The dynamic between Jim (James) and Huck is another revelatory aspect of the book. The deep hate Jim holds for the people that have tortured and killed enslaved people hits up against this humanity and care for Huck, because despite Huck’s ignorance and his condescending remarks, he is a child, and Jim takes care of him whether he deserves it or not.
Frankenstein by Mary Shelley: I didn’t expect Frankenstein to be so introspective. What I did expect was the story of a monster in a science lab, and that’s there, but this is more of a book about what it means to be human, how loneliness and abuse breed violence, and the torture of a guilty conscience.

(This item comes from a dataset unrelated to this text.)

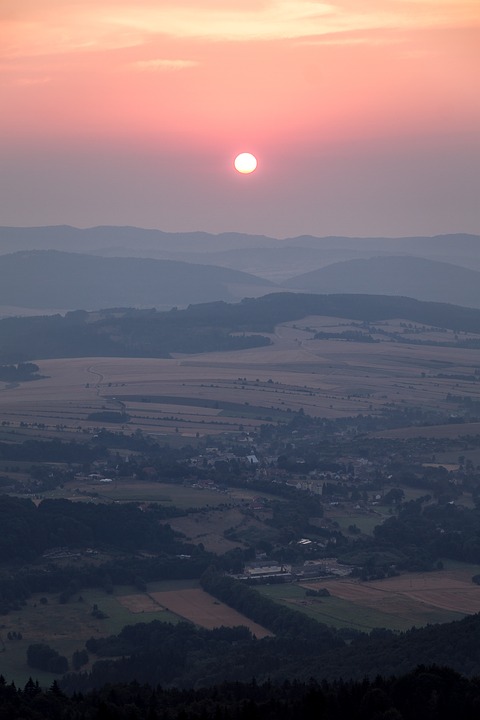 panoramic, view, valley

The introduction of this version of the book made me aware that Mary Shelley is Mary Wollstonecraft’s (and William Godwin’s) daughter, and the impact of those two women on literature, who writes it and who it is written for, was transformational. Shelley first published this novel anonymously, but once it was revealed that a woman wrote the story, it received harsh criticism. After all, this was largely the attitude towards the intellect of women at the time:
There’s a scene in the book when a man is preparing to go to England to further his education, and a woman laments at her lack of opportunity to “enlarge her experience”. It’s a brief moment, but a moment rare in early 19th century literature. It’s a moment where the women’s perspective is included and her yearning for growth and knowledge is clear.

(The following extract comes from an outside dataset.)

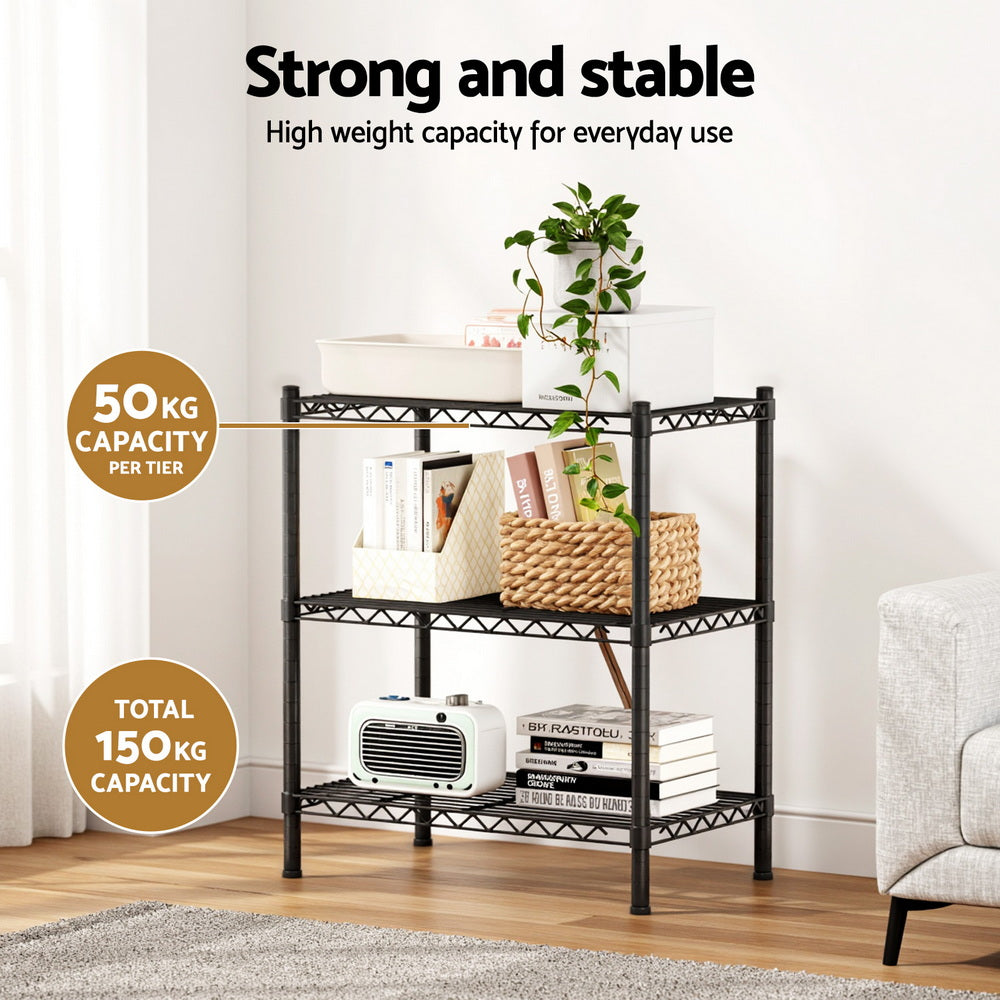 Artiss 3-Tier Shelving Unit Adjustable Garage Storage Shelves Kitchen Rack Steel - Free Delivery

Slaughterhouse Five by Kurt Vonnegut - I had never read any Vonnegut before, somehow not even Slaughterhouse Five. The book is a tragic, absurd dive into a soldier’s experience of World War II and the impact violence and that scale of death have on the men involved for the rest of their lives. The writing feels very conversational and it’s humorous even as it hits on real, painful experiences.

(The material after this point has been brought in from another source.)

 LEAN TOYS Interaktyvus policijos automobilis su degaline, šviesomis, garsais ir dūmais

However, I’ve been thinking a lot about the Bechdel Test lately. If you’re not familiar, the criteria for the Bechdel Test is that a book, movie, etc has at least two women speaking to each other about something other than a man. The bar is low! And it’s shocking how often it isn’t met. Slaughterhouse Five did not pass, and as a reader, I felt pretty frustrated by the depictions of women as either nagging idiots with thick legs or movie stars having sex with someone. I always wonder how it can even be possible to fail this test — if there aren’t women in a novel, it feels like it can never tell the full truth. (For the record, James also fails. Frankenstein passes.)
As I Lay Dying by William Faulkner - This was also my first foray into Faulkner, the literary icon of the South. This novel reads like poetry. It plays with language and perspective to grasp at something beyond the facts as a family deals with the death of their mother. I think a book like this lends itself to longer periods of reading so you can get into the rhythm and start to hear it in your head. (By the way, As I Lay Dying passes the Bechdel Test!)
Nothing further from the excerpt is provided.